I now had the opportunity to follow your recommendations in this post.
I calculated the Log Response Ratio (LRR), SMD, and SMDH.

You were right, LRR looks way more symmetric compared to SMD and SMDH
(plots attached). The implications were serious. Egger's test under
SMD, and SMDH was highly significant. But under LRR it's not. Outliers
under SMD, and SMDH were really extreme, but under LRR, they are not.

This makes me want to understand the nature of these benefits better.

First, "technically", when is the SMD family the first and the best
choice of effect size in a meta-analysis?

Second, I understand that the use of SMD in my case (I dealt with
proportions(-ish) and raw frequency counts of errors made by subjects
on a test with varying number of errors and time limits across
different studies) was affected by varying test reliability estimates
introducing heterogeneity in my SMDs.
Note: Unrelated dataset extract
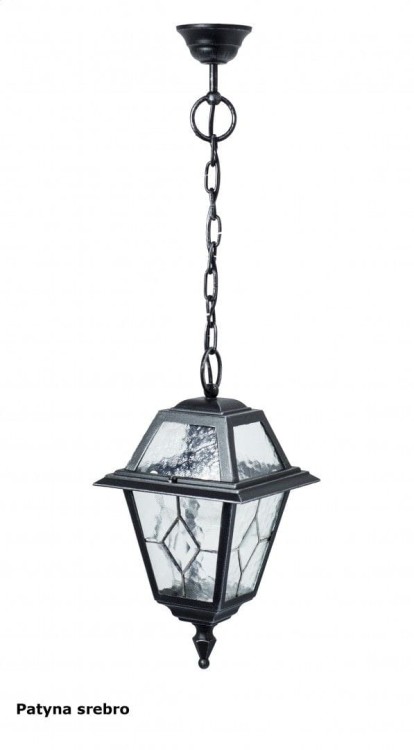 Lampa wisząca WITRAŻ aluminowa na jedną żarówkę na duży gwint. Szkło witrażowe, dekoracyjne. Oświetlenie tarasu, balkonu, altanki.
But does that mean if a test has
had a **high reliability estimate**, then, the SMD could be large due
to the smaller denominator of the SMD and in turn such a phenomenon
could lead to the rise of positive outliers? (a part of me says, if an
effect size estimate is larger due to the higher reliability of the
measurement, so be it, it's a legitimate thing)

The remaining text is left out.